Hubo tres días de silencio. Tres. Y en ese breve suspiro de calma, la humanidad bajó la guardia. Pensamos que era solo otro fenómeno natural, una anécdota más para sumar a las catástrofes de las últimas décadas. Pero el 23 de enero, todo cambió.

No sé si esas criaturas necesitaron tiempo para adaptarse o si simplemente esperaban el momento oportuno. Pero ese día, comenzaron a salir. Primero eran pocos... seres pequeños, parecidos a chimpancés, torpes, asustadizos. Parecían más un accidente de la naturaleza que una amenaza real.

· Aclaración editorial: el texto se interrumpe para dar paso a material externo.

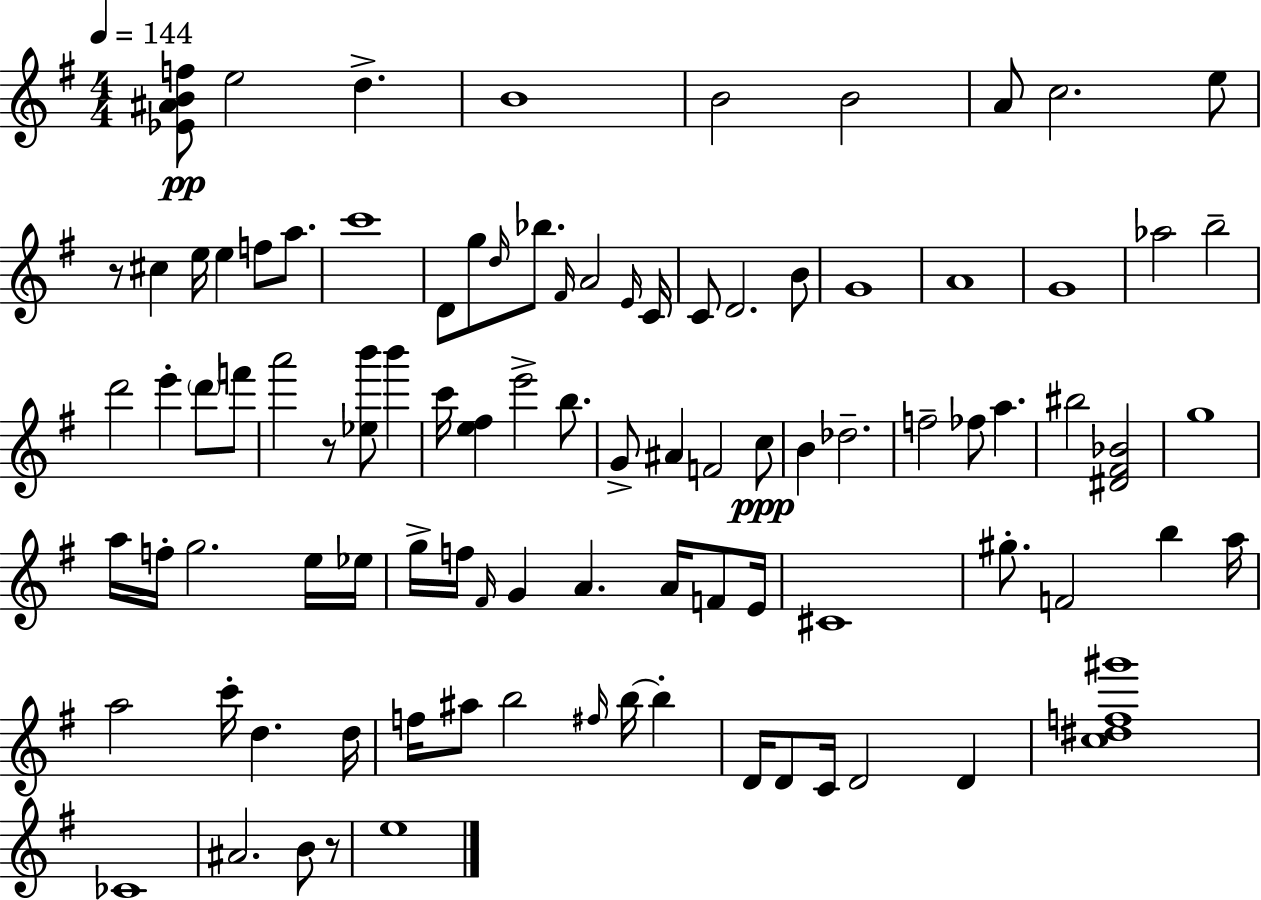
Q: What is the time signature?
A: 4/4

No duró mucho. Con el paso de las semanas, su aspecto cambió de forma alarmante. Se alzaban más erguidos, sus rostros empezaban a parecerse a los nuestros, pero había algo intrínsecamente errado en sus ojos. Una inteligencia oscura, metódica, sin compasión. Lo peor no era su apariencia: era su mente.

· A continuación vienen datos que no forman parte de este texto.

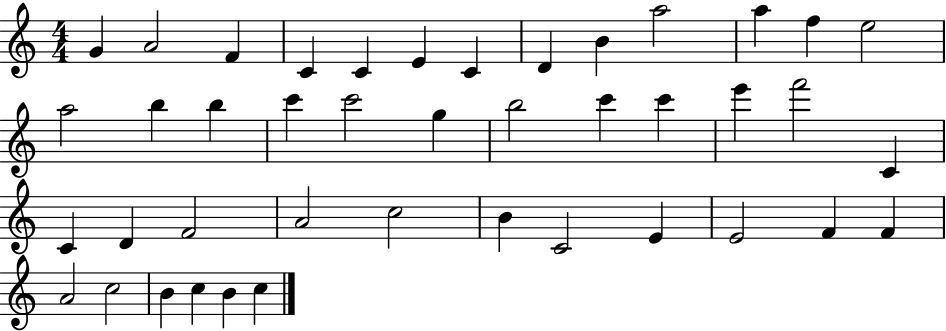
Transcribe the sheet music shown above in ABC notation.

X:1
T:Untitled
M:4/4
L:1/4
K:C
G A2 F C C E C D B a2 a f e2 a2 b b c' c'2 g b2 c' c' e' f'2 C C D F2 A2 c2 B C2 E E2 F F A2 c2 B c B c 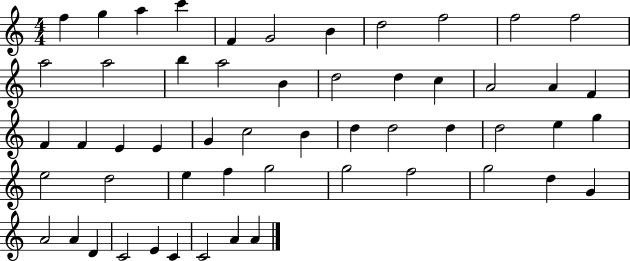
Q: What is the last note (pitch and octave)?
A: A4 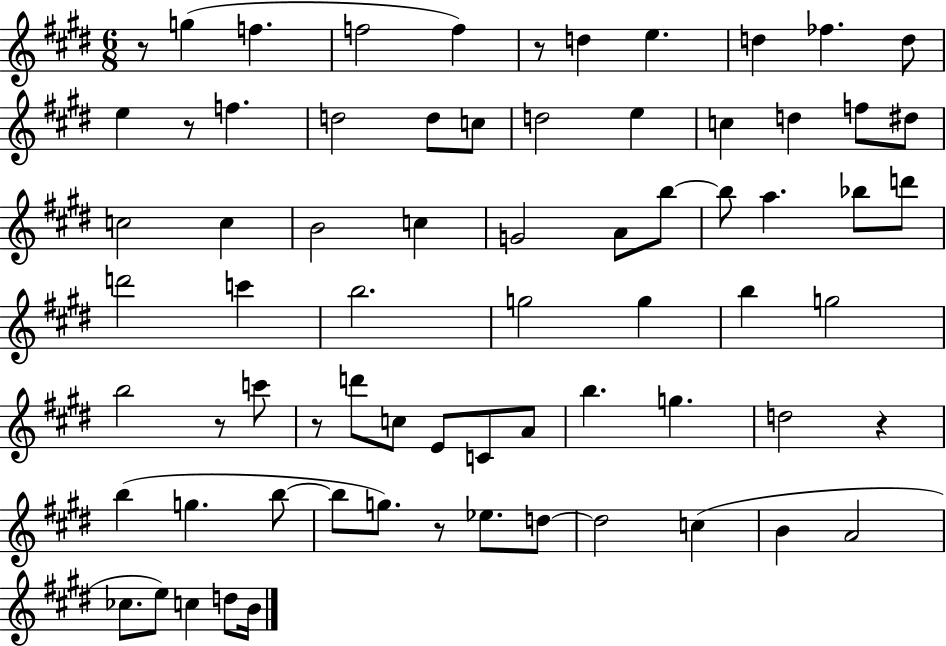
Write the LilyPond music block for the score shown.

Nos subestimaron. O tal vez nosotros nos sobrestimamos. Creímos que la tecnología y las armas nos protegerían, pero no estábamos preparados para algo que aprendía de nosotros tan rápido, que usaba nuestras propias herramientas en nuestra contra.

En pocos meses, se apoderaron de barcos, aviones, y dominaron nuestras rutas comerciales. Vi cómo tomaban Nueva York con una eficiencia escalofriante. Ese día... perdí todo.

Tiempo después, mientras huía por las alcantarillas, encontré este diario. Estaba cubierto de polvo, aplastado bajo una pila de escombros, las páginas parcialmente húmedas y con manchas de moho. Tenía escrito el nombre “Madison” en la esquina interior de la tapa. No sé quién era Madison. Tal vez alguien que, como yo, intentó aferrarse a algo en medio del colapso. Quizá este diario fue su última forma de resistirse al olvido.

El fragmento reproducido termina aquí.